26 мая 1848 года Белинский умер.
Заключение
О личности Белинского мы все сказали, но о его идеях мы считаем небесполезным сделать два-три заключительных замечания.
Пыпин в своей биографии Белинского говорит: «Для нынешних читателей кажется иногда странной, почти невразумительной та тягостная внутренняя борьба, которую мы старались нарисовать и ценою которой Белинский приходил к своим последним выводам. Дело было, по-видимому, просто, и Белинский, казалось, был очень наивен, когда увлекался так далеко в сторону от идей, принятых им впоследствии».

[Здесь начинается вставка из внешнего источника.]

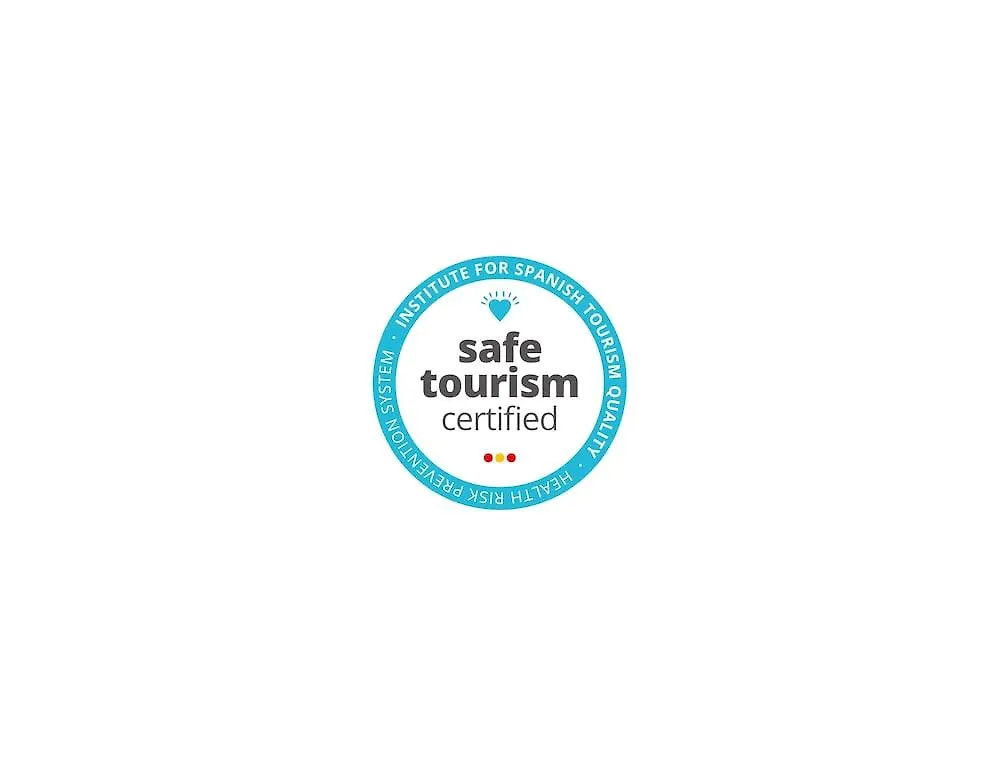 Tao Morro Jable Apartment Spain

Панаев, имея в виду московский кружок Белинского, писал: «Сколько молодости, свежести сил, усилий ума потрачено на разрешение вопросов, которые теперь, через 20 с лишком лет, кажутся смешными».

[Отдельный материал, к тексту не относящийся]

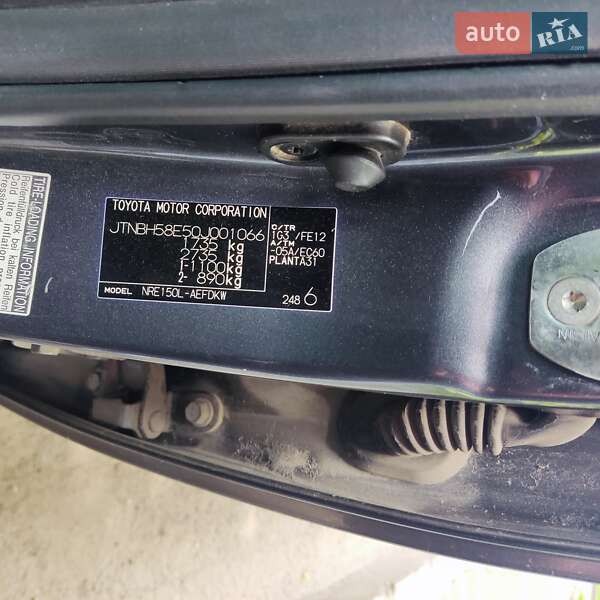 Седан Toyota Corolla 2009 в Львове фото 26 Седан Toyota Corolla 2009 в Львове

Итак, поколению, для которого тридцать лет назад писал Панаев, вопросы, волновавшие Белинского, были «смешны». Читателю, для которого пятнадцать лет назад писал Пыпин, Белинский должен был казаться «очень наивен». Бедный Белинский, смешной, наивный, устарелый, отсталый! Зачем потревожили мы его память? Если тридцать лет назад он был смешон, пятнадцать лет назад – наивен, то чем он должен казаться теперь и какой термин применит к нему современный читатель?

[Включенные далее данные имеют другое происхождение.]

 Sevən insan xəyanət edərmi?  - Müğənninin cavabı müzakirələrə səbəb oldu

Пусть будет как кому угодно; мы же, со своей стороны, без дальнейших околичностей скажем, что и читателю шестидесятых, и семидесятых, и восьмидесятых годов нужно очень высоко поднимать голову, чтобы заглянуть Белинскому в лицо. Не о дарованиях Белинского и не о нравственной личности его говорим мы – эти достоинства не зависят от времени – мы указываем именно на его будто бы устарелые идеи. Возьмем для примера специальность Белинского – литературную критику. Критика шестидесятых годов, как мы уже имели случай заметить, была не более чем талантливым развитием тех литературных требований и принципов, которые были выработаны Белинским в последний, петербургский, период его деятельности. Современная критика, отвергая эти принципы, выдвигает… что-нибудь новое, свое, вы думаете? Нет, она только возвращается к тем эстетическим принципам, которыми руководствовался Белинский в московский период своего развития и которые он решительно осудил впоследствии. То же самое происходит и с общественными идеями Белинского. Белинский отстал? Мы искренно пожелали бы современным передовым людям нашим в такой же полноте и с такою же ясностью усвоить себе, например, идею личности, как это мы видим у Белинского. Белинский устарел? О, как обновились и очистились бы наши понятия, если бы мы твердо усвоили мысль Белинского, что народность, исключающая из себя человечность, тем самым подписывает себе нравственный приговор! Далеко ли мы уйдем со временем – неизвестно, но пока Белинский не есть только факт истории, а и факт жизни. История умственного развития и умственных переломов Белинского не есть только история личности и даже не история поколения, а выражение нашего общего исторического процесса, с его акциями и реакциями, переходными моментами и промежутками апатии.